[Start of Attachment]

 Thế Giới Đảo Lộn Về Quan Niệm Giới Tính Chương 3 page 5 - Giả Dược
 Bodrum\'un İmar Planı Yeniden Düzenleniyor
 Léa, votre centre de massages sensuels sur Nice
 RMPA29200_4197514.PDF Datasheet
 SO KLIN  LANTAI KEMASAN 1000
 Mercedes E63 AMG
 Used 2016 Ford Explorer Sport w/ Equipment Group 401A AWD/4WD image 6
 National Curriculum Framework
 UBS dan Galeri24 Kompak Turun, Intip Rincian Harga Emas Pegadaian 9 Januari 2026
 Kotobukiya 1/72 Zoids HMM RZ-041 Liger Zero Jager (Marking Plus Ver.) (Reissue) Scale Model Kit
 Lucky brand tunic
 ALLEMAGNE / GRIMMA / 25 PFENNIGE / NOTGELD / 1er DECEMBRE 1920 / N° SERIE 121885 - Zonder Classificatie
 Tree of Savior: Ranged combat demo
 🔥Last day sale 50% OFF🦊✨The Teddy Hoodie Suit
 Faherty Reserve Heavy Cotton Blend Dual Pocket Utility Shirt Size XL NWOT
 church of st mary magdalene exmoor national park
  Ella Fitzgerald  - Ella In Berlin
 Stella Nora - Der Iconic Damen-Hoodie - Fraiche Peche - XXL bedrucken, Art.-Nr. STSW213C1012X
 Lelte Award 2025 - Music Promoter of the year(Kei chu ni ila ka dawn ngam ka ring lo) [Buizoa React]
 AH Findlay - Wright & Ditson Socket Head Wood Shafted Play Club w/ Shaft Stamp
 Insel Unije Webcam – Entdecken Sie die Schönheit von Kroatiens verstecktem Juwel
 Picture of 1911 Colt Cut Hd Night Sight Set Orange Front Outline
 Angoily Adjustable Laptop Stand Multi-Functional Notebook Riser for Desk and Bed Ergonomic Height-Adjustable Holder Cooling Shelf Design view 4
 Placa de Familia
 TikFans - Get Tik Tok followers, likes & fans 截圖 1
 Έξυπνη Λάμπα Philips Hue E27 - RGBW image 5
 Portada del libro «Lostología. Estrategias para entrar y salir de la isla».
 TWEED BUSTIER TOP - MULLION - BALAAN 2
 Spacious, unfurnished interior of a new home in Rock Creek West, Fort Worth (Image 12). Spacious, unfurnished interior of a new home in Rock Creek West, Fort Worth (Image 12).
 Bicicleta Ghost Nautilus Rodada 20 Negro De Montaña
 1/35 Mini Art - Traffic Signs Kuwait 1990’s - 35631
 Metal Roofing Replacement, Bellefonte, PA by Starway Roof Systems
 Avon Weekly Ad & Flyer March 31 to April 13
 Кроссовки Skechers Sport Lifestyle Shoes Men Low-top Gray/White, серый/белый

[End of Attachment]

Exercise directions: Return, word for word, the lines of the data above from the line with "Bodrum\'un İmar Planı Yeniden Düzenleniyor" through the line with "Lucky brand tunic", inclusive.

Answer:
 Bodrum\'un İmar Planı Yeniden Düzenleniyor
 Léa, votre centre de massages sensuels sur Nice
 RMPA29200_4197514.PDF Datasheet
 SO KLIN  LANTAI KEMASAN 1000
 Mercedes E63 AMG
 Used 2016 Ford Explorer Sport w/ Equipment Group 401A AWD/4WD image 6
 National Curriculum Framework
 UBS dan Galeri24 Kompak Turun, Intip Rincian Harga Emas Pegadaian 9 Januari 2026
 Kotobukiya 1/72 Zoids HMM RZ-041 Liger Zero Jager (Marking Plus Ver.) (Reissue) Scale Model Kit
 Lucky brand tunic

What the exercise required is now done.